▶ Work request
Would you please return the lines of the entries below starting at the line that has "Apartamento à venda com 72m², 2 quartos e 2 vagas Apartamento" and ending at the line that has "Jannat Mirza decides", both included, exactly as they are?

▶ Record set
........
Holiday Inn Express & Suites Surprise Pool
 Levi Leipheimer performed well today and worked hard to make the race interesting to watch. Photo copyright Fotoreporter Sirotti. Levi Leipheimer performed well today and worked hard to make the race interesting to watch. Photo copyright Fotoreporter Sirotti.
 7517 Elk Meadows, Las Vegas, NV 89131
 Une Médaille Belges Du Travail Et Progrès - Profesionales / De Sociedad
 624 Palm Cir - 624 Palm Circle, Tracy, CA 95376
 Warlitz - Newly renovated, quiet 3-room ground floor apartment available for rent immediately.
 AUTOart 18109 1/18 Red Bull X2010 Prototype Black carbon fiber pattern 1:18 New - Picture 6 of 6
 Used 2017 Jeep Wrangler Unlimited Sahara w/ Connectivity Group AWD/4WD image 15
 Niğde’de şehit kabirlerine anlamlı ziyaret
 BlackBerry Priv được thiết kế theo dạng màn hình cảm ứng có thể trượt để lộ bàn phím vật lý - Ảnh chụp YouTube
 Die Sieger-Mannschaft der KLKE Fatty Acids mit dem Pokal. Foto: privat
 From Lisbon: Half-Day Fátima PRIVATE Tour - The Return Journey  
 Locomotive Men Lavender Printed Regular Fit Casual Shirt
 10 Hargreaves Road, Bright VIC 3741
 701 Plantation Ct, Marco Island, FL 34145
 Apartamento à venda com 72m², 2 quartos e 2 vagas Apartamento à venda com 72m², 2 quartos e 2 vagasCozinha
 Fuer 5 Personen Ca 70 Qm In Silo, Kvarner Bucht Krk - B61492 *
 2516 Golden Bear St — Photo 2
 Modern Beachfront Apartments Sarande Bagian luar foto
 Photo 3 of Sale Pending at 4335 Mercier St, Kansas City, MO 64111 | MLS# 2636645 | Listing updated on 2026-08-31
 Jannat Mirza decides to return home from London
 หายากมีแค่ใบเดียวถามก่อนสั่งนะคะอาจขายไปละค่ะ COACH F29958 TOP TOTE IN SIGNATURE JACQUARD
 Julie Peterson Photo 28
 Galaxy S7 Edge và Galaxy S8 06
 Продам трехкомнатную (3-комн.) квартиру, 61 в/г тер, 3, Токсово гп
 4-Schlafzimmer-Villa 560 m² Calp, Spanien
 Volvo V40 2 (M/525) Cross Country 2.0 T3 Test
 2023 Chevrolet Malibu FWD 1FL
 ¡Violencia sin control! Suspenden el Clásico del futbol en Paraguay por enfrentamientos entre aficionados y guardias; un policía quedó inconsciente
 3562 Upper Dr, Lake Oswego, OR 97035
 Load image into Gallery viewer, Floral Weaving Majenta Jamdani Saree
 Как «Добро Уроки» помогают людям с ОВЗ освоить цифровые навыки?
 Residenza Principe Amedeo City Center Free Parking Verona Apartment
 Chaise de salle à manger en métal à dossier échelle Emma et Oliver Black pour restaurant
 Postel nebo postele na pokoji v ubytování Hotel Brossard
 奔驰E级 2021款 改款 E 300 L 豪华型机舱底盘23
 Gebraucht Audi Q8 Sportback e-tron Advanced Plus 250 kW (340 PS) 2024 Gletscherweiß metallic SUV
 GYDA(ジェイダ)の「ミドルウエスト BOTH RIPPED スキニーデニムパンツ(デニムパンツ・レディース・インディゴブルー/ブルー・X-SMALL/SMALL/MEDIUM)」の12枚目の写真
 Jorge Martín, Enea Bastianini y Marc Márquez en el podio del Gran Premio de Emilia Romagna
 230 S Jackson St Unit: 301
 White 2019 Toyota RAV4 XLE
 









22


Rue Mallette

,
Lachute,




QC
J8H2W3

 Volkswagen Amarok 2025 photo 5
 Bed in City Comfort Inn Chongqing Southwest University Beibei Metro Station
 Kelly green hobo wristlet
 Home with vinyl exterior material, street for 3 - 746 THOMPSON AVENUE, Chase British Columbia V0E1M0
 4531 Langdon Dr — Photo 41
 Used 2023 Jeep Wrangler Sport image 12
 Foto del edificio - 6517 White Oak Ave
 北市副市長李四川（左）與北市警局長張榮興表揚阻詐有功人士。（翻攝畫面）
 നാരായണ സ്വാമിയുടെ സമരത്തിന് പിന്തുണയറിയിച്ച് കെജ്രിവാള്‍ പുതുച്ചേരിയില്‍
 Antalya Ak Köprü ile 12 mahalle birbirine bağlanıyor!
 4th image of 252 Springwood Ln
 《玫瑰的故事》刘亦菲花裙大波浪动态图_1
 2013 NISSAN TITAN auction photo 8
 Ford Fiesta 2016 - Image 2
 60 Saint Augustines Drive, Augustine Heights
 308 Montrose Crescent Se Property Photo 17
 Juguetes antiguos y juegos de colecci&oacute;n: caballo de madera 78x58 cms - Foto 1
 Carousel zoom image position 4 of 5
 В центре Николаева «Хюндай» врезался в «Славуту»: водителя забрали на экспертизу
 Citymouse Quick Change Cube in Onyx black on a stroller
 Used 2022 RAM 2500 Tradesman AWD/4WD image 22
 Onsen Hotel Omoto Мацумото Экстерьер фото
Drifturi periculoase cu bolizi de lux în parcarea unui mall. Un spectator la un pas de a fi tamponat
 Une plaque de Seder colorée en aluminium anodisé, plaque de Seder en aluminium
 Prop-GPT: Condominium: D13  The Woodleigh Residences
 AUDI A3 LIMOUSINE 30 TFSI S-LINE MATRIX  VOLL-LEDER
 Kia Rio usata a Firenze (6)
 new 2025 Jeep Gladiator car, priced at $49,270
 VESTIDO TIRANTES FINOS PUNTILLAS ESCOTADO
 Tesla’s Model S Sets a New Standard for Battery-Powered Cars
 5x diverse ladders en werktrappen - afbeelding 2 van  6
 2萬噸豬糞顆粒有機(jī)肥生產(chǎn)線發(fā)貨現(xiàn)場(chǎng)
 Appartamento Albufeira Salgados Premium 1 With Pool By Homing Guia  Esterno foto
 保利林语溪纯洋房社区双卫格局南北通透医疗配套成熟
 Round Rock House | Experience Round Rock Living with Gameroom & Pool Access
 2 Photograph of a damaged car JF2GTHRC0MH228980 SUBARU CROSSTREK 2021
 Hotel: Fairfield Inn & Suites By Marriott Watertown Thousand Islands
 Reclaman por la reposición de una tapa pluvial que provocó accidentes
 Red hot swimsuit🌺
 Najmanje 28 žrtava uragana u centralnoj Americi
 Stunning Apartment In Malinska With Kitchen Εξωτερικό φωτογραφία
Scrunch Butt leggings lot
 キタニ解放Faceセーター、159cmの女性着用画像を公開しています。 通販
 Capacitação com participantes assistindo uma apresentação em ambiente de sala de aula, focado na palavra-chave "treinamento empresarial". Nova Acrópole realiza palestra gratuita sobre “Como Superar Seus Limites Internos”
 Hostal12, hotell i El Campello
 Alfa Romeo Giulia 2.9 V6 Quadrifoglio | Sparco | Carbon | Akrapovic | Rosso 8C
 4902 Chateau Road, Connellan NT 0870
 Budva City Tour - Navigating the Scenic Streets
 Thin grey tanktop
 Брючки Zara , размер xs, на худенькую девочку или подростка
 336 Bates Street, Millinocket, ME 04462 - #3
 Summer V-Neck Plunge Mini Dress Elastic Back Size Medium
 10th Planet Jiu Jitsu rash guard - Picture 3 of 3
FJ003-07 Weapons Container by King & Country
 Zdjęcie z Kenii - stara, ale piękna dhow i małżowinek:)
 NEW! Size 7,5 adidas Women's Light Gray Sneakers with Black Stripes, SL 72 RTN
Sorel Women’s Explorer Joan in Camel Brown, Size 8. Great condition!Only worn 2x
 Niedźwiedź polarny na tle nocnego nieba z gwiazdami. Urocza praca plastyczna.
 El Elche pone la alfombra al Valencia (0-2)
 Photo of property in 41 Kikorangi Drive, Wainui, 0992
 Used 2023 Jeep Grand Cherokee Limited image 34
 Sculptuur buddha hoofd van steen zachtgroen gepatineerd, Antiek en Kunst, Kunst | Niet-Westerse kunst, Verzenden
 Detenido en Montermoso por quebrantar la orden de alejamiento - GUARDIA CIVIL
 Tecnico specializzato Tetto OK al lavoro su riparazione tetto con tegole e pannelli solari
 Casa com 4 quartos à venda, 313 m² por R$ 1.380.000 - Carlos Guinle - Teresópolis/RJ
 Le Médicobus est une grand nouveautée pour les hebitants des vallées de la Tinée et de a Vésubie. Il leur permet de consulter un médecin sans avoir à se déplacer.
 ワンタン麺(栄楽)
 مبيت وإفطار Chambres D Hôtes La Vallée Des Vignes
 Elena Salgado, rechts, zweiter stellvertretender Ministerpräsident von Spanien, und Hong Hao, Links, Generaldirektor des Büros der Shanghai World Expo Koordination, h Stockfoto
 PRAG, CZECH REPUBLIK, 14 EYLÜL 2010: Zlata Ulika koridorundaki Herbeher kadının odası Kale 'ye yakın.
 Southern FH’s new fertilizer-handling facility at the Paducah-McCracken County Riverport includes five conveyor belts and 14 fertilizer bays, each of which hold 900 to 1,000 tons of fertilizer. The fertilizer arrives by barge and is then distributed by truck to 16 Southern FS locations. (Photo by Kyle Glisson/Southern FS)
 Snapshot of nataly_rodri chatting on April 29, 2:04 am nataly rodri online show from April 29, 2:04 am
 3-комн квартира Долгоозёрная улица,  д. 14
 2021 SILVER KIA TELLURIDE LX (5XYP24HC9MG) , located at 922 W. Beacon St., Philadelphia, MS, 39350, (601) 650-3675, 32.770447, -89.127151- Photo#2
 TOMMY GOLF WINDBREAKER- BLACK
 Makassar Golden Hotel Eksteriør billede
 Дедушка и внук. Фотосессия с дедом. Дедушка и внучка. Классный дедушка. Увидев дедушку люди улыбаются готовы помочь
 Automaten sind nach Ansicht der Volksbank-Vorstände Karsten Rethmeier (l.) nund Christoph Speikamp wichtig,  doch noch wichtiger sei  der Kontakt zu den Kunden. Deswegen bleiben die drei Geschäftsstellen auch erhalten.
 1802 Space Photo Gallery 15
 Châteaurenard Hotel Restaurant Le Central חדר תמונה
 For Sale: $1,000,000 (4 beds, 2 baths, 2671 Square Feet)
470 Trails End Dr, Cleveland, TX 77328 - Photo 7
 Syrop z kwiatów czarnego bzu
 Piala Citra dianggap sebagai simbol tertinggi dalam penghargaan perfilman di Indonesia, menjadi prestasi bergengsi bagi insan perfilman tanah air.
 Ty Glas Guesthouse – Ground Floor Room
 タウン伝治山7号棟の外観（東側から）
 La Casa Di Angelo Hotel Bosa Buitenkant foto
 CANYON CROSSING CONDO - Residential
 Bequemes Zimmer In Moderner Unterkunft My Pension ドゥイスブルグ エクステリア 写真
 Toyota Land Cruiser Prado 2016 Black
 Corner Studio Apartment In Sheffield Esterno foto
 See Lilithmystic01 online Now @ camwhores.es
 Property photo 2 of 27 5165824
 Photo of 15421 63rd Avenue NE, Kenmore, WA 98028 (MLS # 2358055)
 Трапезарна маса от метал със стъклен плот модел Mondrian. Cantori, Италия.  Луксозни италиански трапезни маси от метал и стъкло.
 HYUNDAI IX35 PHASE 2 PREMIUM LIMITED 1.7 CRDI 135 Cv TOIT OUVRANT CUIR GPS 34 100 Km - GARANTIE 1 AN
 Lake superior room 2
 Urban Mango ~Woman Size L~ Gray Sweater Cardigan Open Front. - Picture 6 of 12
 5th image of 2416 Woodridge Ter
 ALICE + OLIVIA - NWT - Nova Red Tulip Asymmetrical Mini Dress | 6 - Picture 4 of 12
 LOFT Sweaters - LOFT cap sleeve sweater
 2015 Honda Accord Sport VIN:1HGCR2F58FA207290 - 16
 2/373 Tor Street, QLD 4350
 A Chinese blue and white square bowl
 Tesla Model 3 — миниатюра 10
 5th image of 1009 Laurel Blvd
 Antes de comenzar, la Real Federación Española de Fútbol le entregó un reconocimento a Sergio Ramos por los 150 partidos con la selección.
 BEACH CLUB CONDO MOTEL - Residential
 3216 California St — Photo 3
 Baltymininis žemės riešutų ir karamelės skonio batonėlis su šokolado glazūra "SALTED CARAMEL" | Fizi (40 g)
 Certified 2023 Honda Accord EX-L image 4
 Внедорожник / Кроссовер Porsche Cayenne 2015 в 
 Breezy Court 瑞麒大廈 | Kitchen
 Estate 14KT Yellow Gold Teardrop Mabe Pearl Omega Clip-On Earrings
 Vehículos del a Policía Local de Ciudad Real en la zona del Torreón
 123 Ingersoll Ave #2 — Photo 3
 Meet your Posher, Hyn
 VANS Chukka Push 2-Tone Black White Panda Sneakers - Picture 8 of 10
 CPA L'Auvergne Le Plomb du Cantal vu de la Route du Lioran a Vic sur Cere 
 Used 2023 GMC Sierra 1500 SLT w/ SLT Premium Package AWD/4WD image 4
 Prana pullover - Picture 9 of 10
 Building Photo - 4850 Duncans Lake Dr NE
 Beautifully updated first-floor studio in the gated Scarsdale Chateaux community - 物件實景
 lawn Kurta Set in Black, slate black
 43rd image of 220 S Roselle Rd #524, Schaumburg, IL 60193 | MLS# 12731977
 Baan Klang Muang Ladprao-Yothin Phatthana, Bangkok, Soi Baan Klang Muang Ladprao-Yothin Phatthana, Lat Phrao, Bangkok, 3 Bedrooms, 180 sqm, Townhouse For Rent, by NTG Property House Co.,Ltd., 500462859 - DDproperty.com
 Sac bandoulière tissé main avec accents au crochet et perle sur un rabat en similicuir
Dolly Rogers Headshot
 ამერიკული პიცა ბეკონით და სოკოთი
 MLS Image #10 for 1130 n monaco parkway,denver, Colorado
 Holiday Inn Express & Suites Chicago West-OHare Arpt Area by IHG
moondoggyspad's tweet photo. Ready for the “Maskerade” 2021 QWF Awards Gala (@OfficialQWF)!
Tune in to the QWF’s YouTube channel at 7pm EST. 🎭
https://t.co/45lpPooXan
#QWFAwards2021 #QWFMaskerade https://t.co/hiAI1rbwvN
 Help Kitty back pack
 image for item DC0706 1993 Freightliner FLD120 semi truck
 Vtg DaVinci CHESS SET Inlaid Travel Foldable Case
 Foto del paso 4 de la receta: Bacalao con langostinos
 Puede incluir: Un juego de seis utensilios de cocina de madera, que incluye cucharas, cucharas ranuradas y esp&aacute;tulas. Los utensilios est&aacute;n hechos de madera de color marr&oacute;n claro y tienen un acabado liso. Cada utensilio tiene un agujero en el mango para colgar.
........
▶ Output below
 Apartamento à venda com 72m², 2 quartos e 2 vagas Apartamento à venda com 72m², 2 quartos e 2 vagasCozinha
 Fuer 5 Personen Ca 70 Qm In Silo, Kvarner Bucht Krk - B61492 *
 2516 Golden Bear St — Photo 2
 Modern Beachfront Apartments Sarande Bagian luar foto
 Photo 3 of Sale Pending at 4335 Mercier St, Kansas City, MO 64111 | MLS# 2636645 | Listing updated on 2026-08-31
 Jannat Mirza decides to return home from London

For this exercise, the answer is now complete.